# WHAT TO WORK ON
Every record below should be repeated exactly, with the pictures left out.

[Captioned web images]
*** Block opens ***

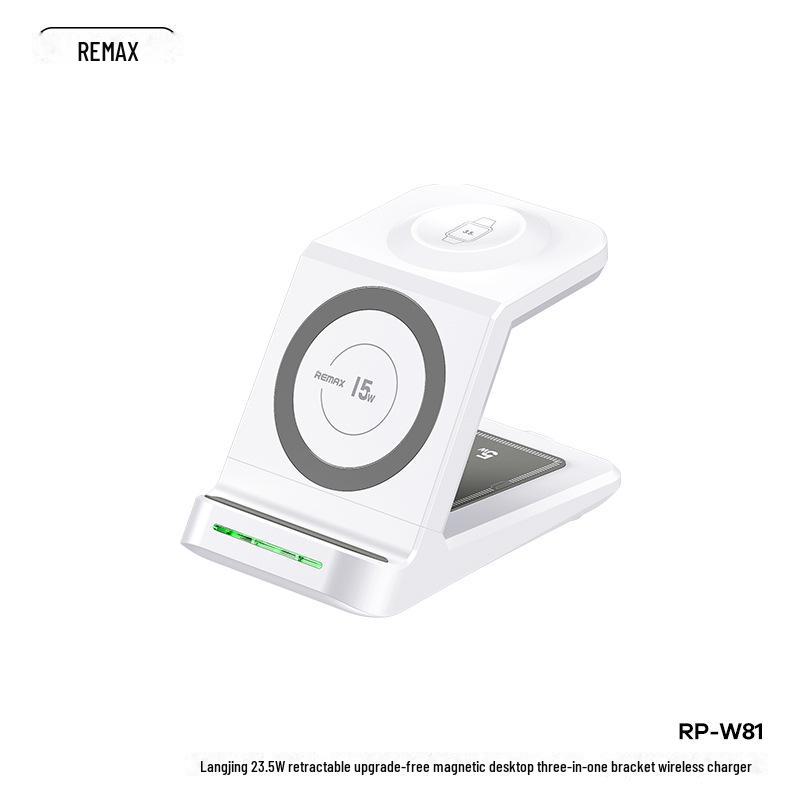 

REMAX Langjing 23.5W Магнитное настольное беспроводное зарядное устройство 3-в-1 с выдвижной подставкой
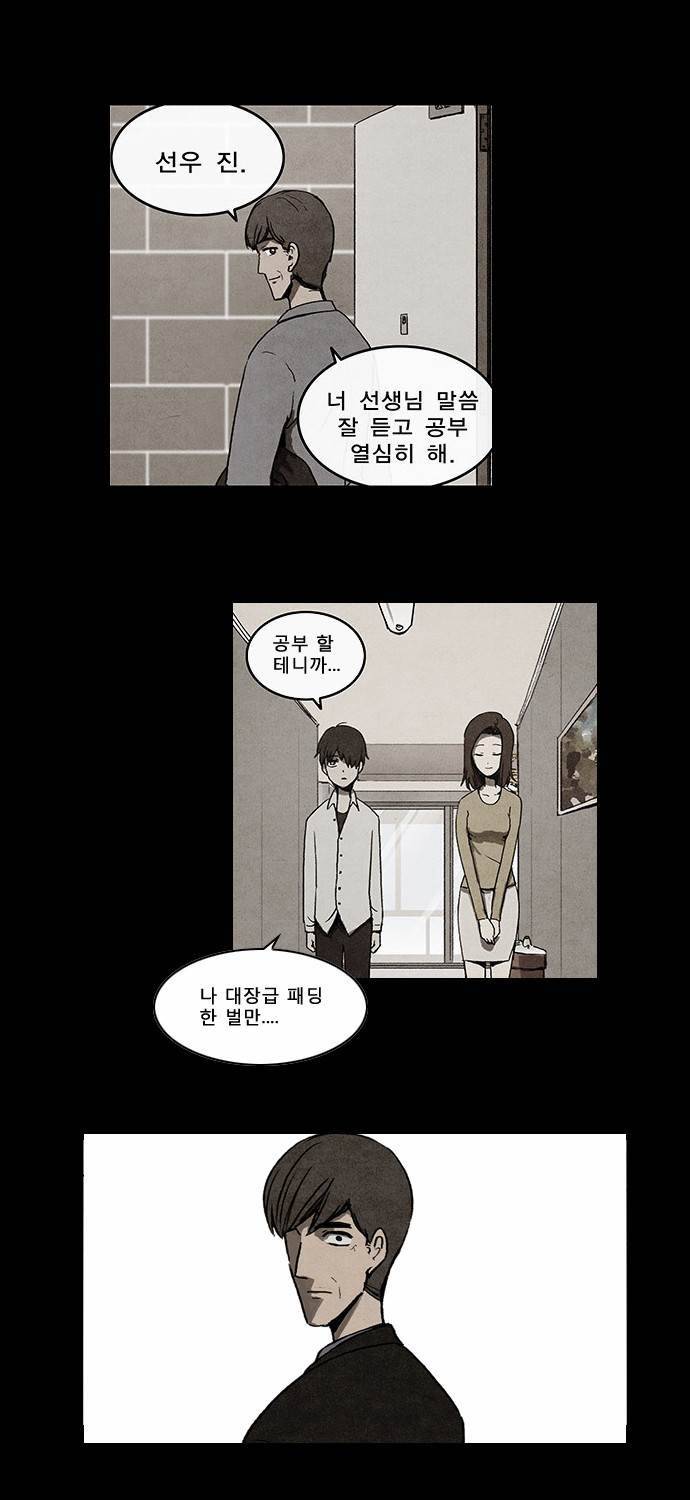 후레자식 48화 23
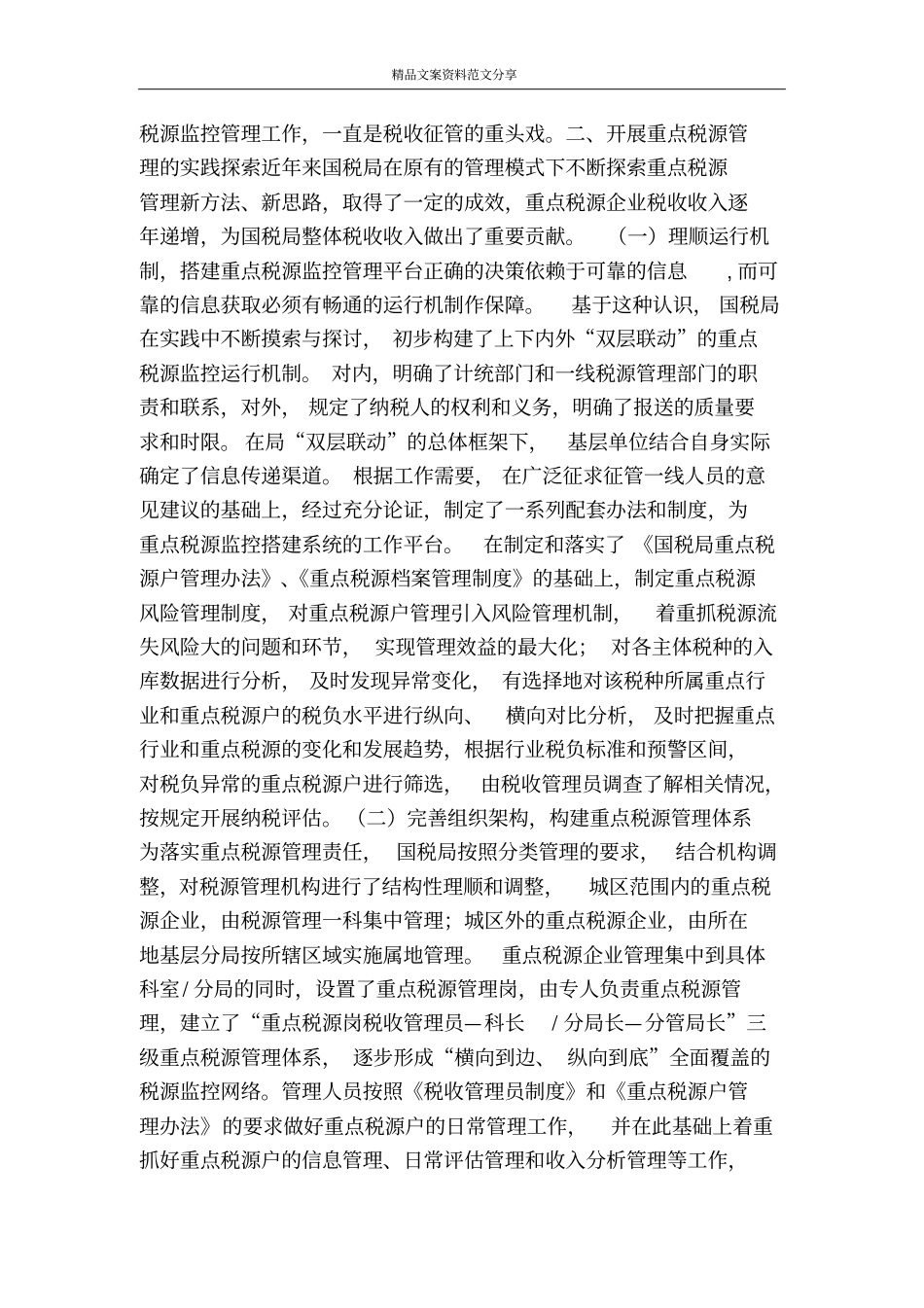 加强重点税源管理的实践及思考-精品文案范文_第2页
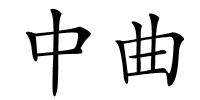 中曲的解释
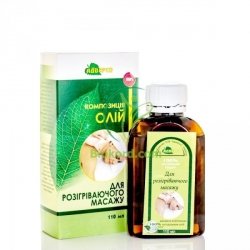 Calming Massage Oil, Adverso, 100% Natural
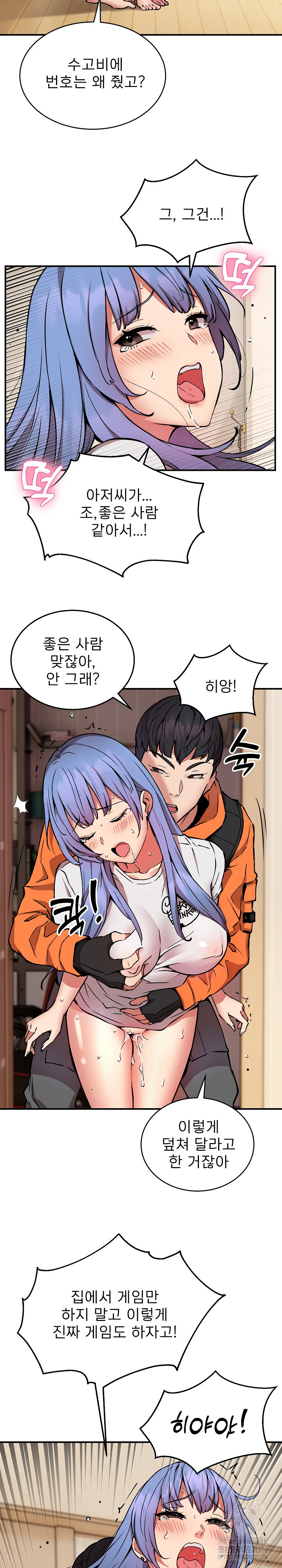 Driver in the New City Raw Chapter 13 image 15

*** Block closes ***

# RESPONSE AREA
REMAX Langjing 23.5W Магнитное настольное беспроводное зарядное устройство 3-в-1 с выдвижной подставкой
 후레자식 48화 23
 加强重点税源管理的实践及思考-精品文案范文_第2页
 中曲的解释
 Calming Massage Oil, Adverso, 100% Natural
 Driver in the New City Raw Chapter 13 image 15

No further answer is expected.